Here we discuss a general mathematical framework to construct statistically accurate reduced-order models that have skill in capturing the statistical variability in the principal directions with largest energy of a general class of damped and forced complex turbulent dynamical systems. There are three stages in the modeling strategy, imperfect model selection; calibration of the imperfect model in a training phase using only data in the more complex perfect model statistics; and prediction of the responses with UQ to a wide class of forcing and perturbation scenarios. The methods are developed under a universal class of turbulent dynamical systems with quadratic nonlinearity that is representative in many applications in applied mathematics and engineering. Several mathematical ideas will be introduced to improve the prediction skill of the imperfect reduced-order models.
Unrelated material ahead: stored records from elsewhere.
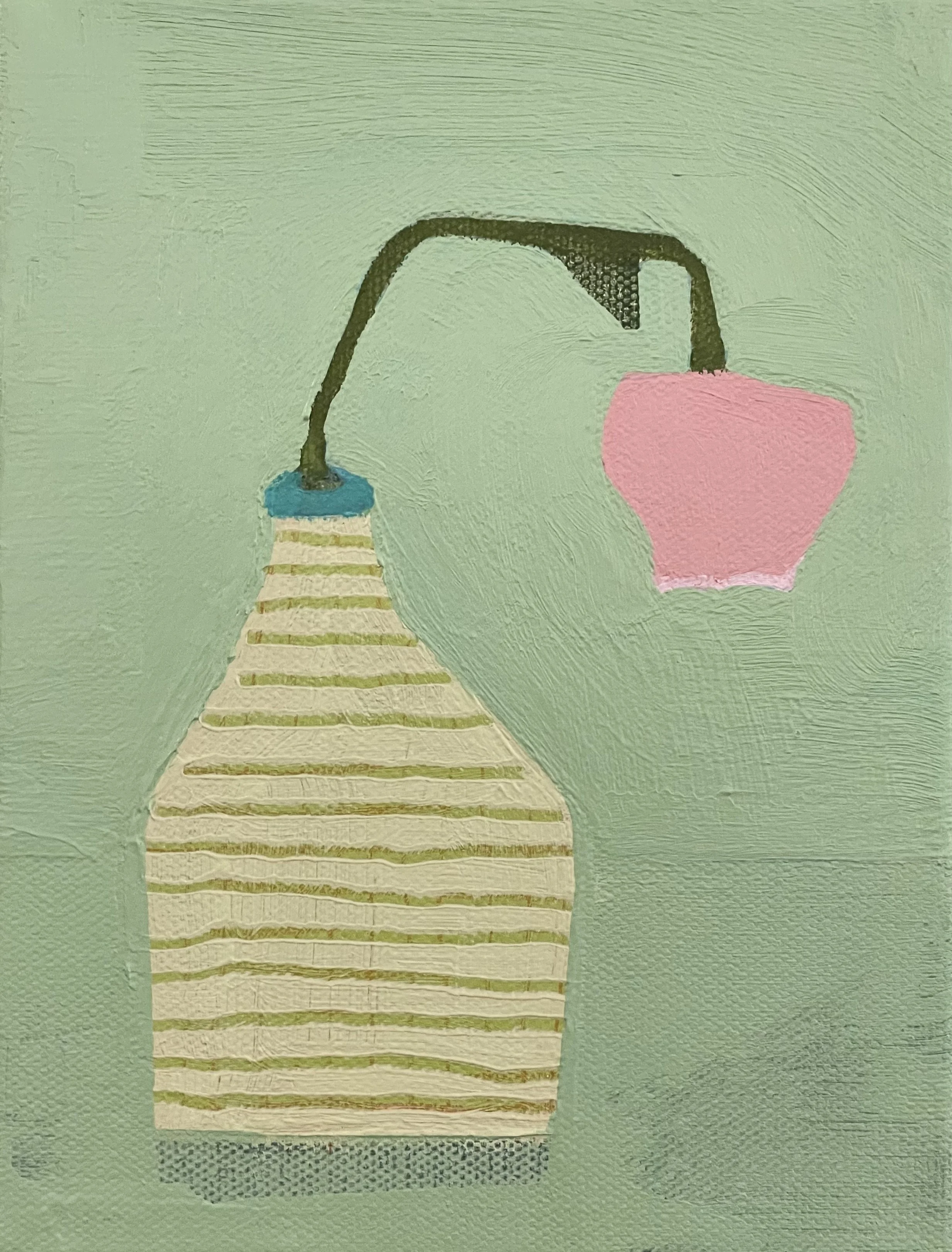 striped vessel with pink canterbury bell flower, 8x6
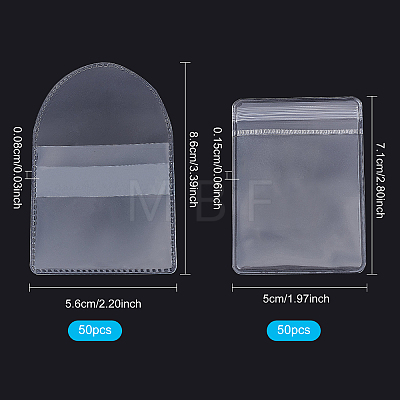 Olycraft 100Pcs 2 Style PVC Transparent Plastic Bags ABAG-OC0001-01-1
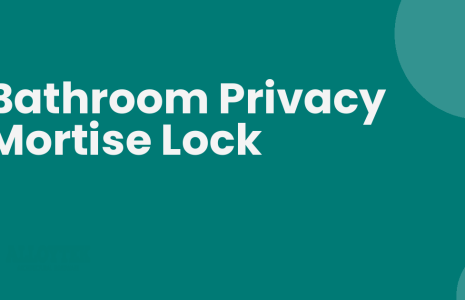 Bathroom privacy mortise lock with thumb turn on a bathroom door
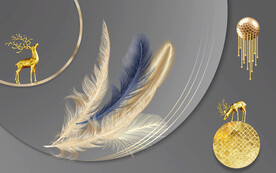 羽毛壁画新中式麋鹿背景墙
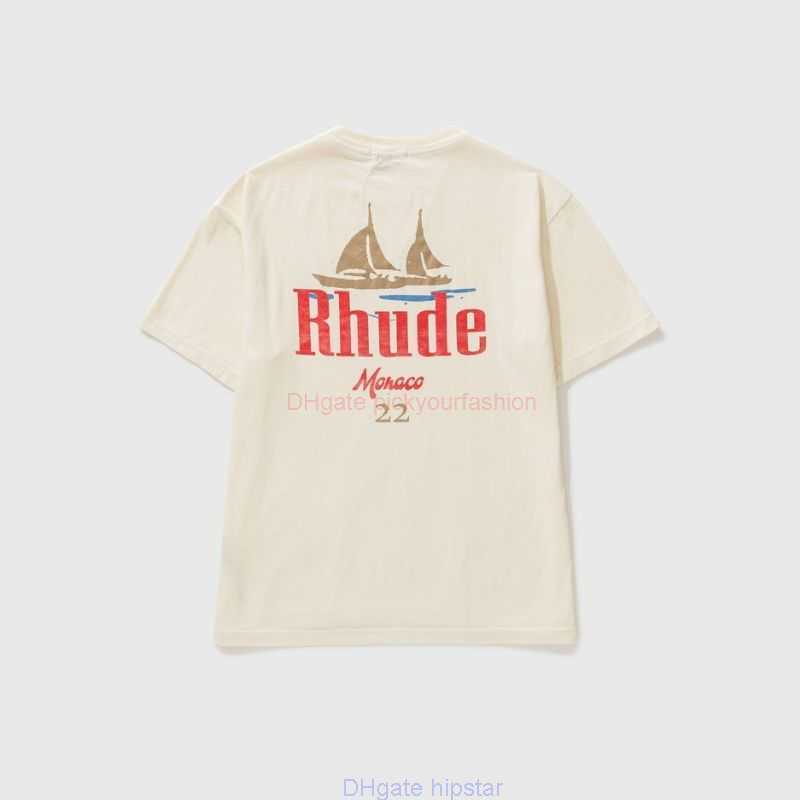 

Designer Fashion Clothing Tees Tshirt Rhude Sailing Tee Short Sleeve T-shirt Men's Hbx Cotton Streetwear Tops Casual Sportswear Rock Hip hop for sale, White short sleeves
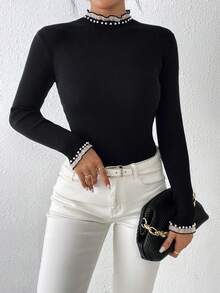 Firerie 撞色饰边荷叶边立领黑色毛衣、长袖上衣 - 黑色 - 查看 6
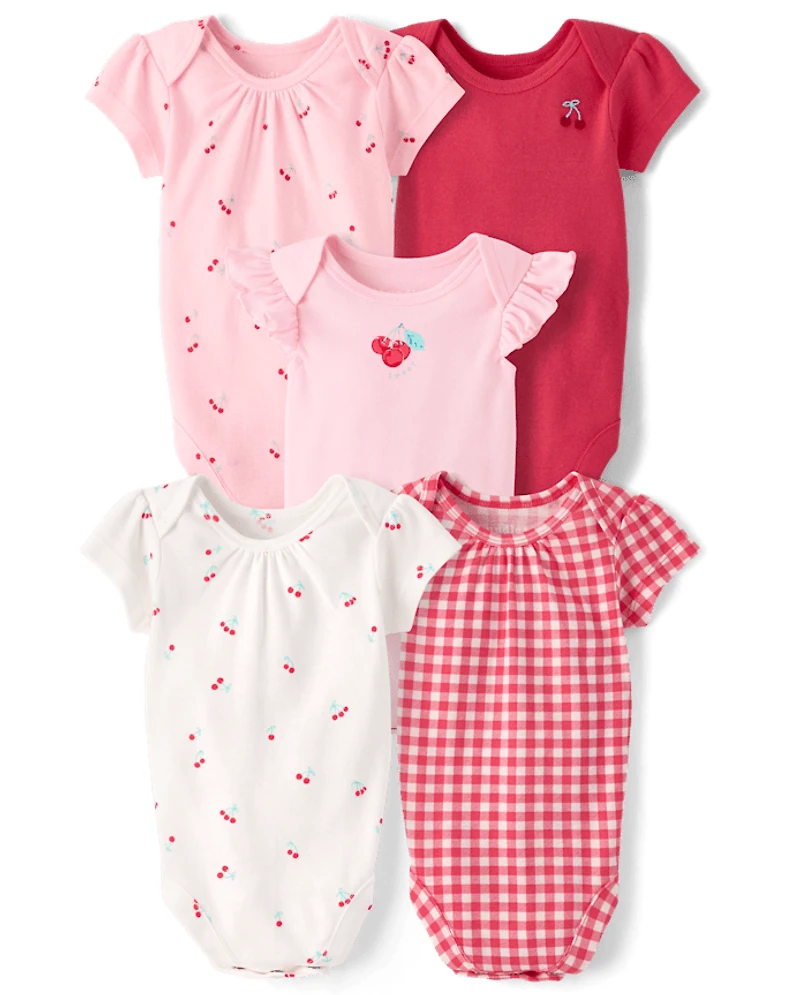 Baby Girls Cherry Bodysuit 5-Pack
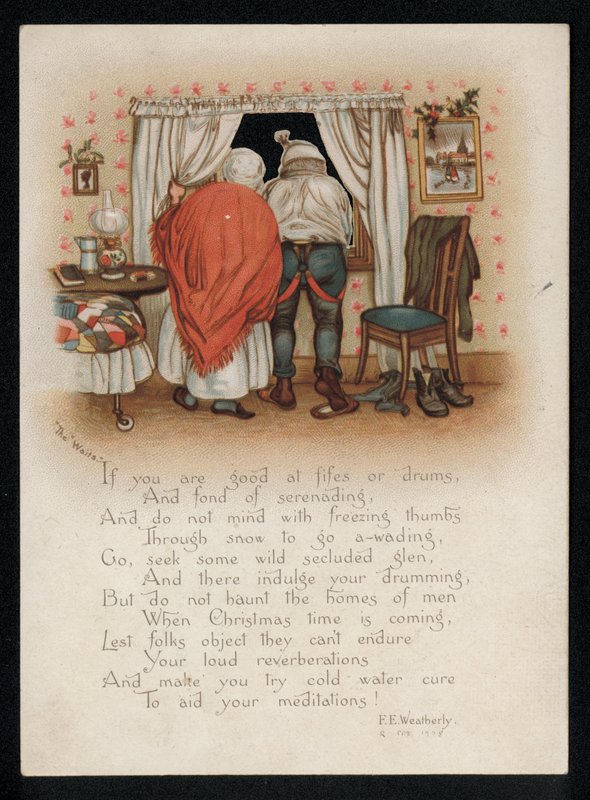 Egy pár kifogásolja az énekeseket az ablakon kívül, karácsonyi üdvözlőlap. (chromolitho) alkotó: English School
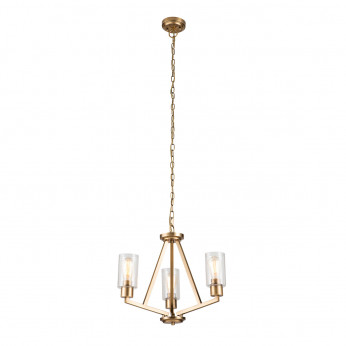 Kichler Lampadario in acciaio con triplo diffusore in vetro dal design minimal Deryn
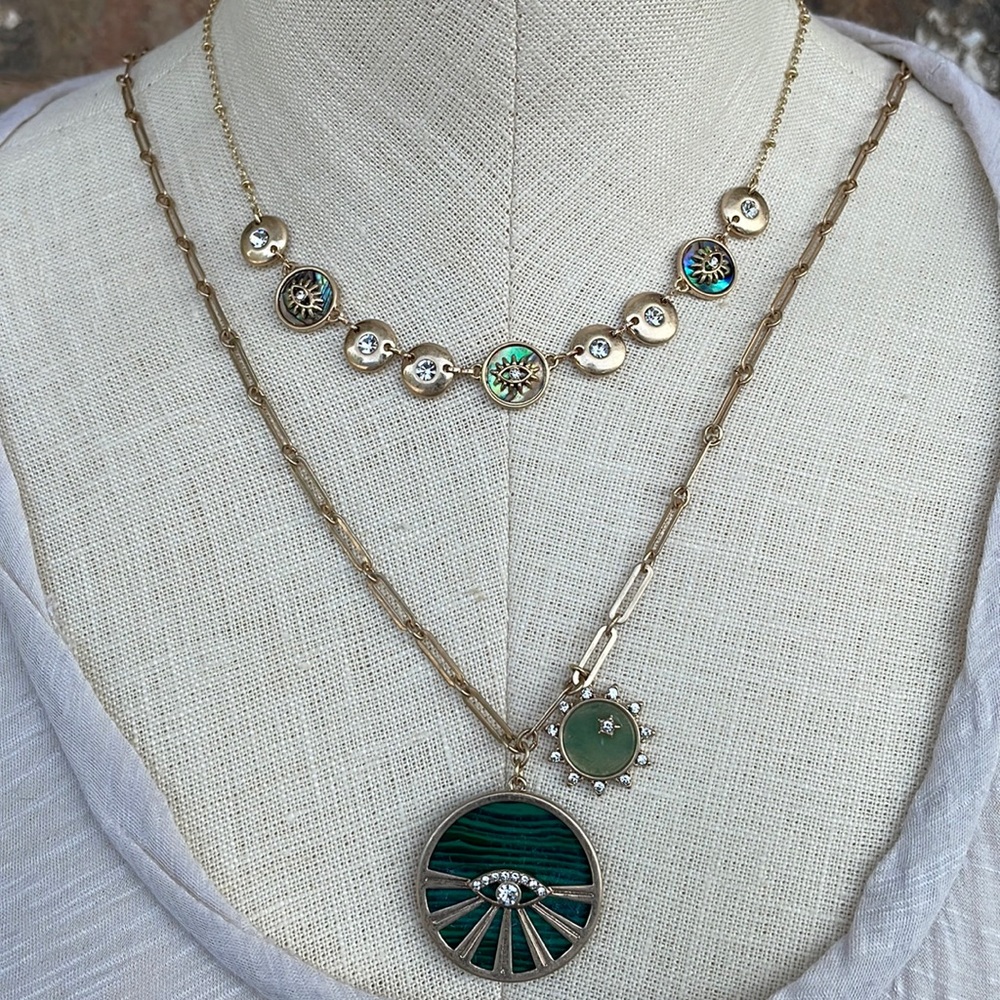 LONNA & LILLY Set in Distressed Gold-Tone Two-Row Long Pendant Necklace, 34" NWT
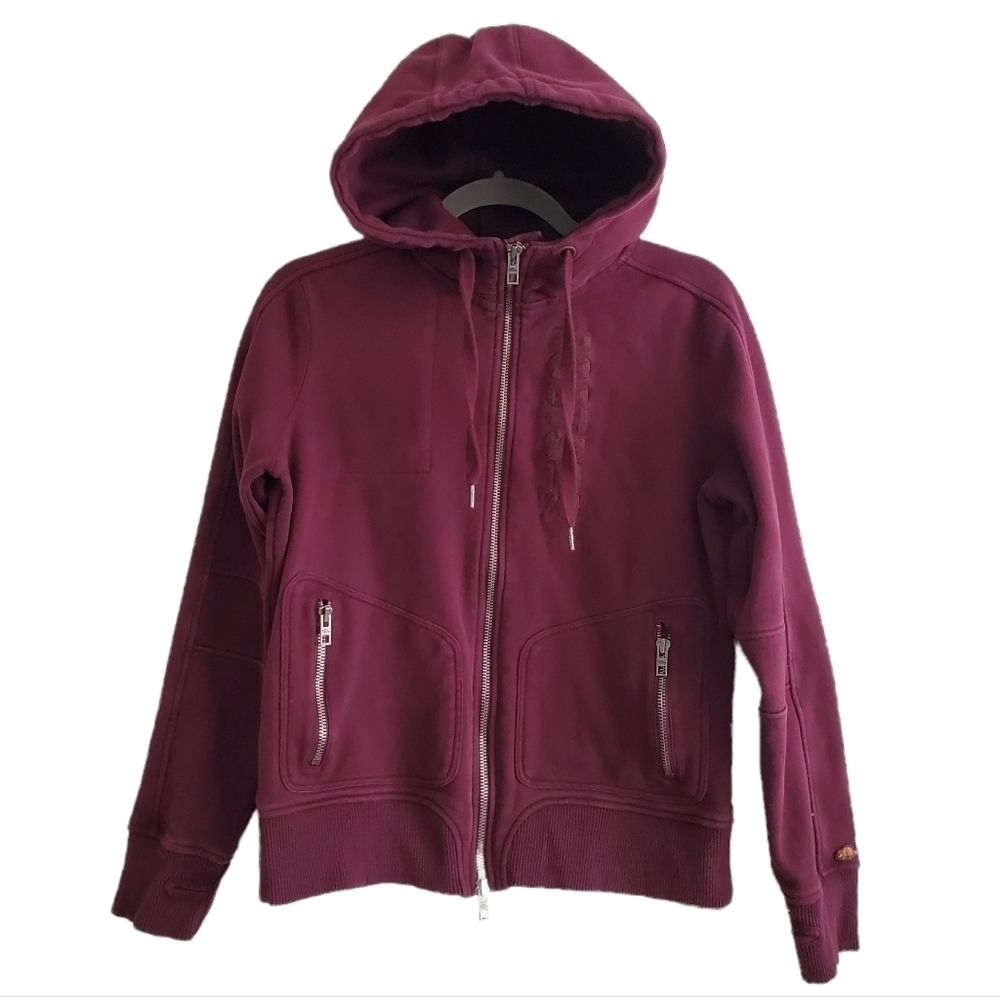 Roots Canada Burgundy Maroon Full Zip Hooded Jacket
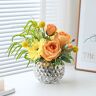 Homary Orange Artificial Flower Arrangement in Silver Vase Table Centerpiece Fake Flower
Most importantly, empirical information theory and statistical linear response theory are applied in the training phase for calibrating model errors to achieve optimal imperfect model parameters; and total statistical energy dynamics are introduced to improve the model sensitivity in the prediction phase especially when strong external perturbations are exerted. The validity of general framework of reduced-order models is demonstrated on instructive stochastic triad models. Recent applications to two-layer baroclinic turbulence in the atmosphere and ocean with combinations of turbulent jets and vortices are also surveyed. The uncertainty quantification and statistical response for these complex models are accurately captured by the reduced-order models with only 2×10

^{2}modes in a highly turbulent system with 1×10^{5}degrees of freedom. Less than 0.15% of the total spectral modes are needed in the reduced-order models.
Andrew J. Majda is the Morse Professor of Arts and Sciences at the Courant
Institute of New York University. Majda's primary research interests are
modern applied mathematics in the broadest possible sense merging asymptotic
methods, numerical methods, physical reasoning, and rigorous mathematical
analysis.
Majda is a member of the National Academy of Sciences and has received
numerous honors and awards including the National Academy of Science Prize in
Applied Mathematics, the John von Neumann Prize of the Society of Industrial
and Applied Mathematics, and the Gibbs Prize of the American Mathematical
Society. He is also a member of the American Academy of Arts and Science. He
has been awarded the Medal of the College de France, twice, and is a Fellow of
the Japan Society for the Promotion of Science. He has received an honorary
doctorate from his undergraduate alma mater, Purdue University.
In the past several years at the Courant Institute, Majda has created the
Center for Atmosphere Ocean Science with a multi-disciplinary faculty to
promote cross-disciplinary research with modern applied mathematics in climate
modeling and prediction. Majda's current research interests include
multi-scale multi-cloud modeling for the tropics, reduced stochastic and
statistical modeling for climate, and novel mathematical strategies for
prediction and data assimilation in complex multi-scale systems.
Professor Majda’s recent awards include the 2015 ICIAM Lagrange Prize and the
2016 Steel Prize for Seminal Research Contributions.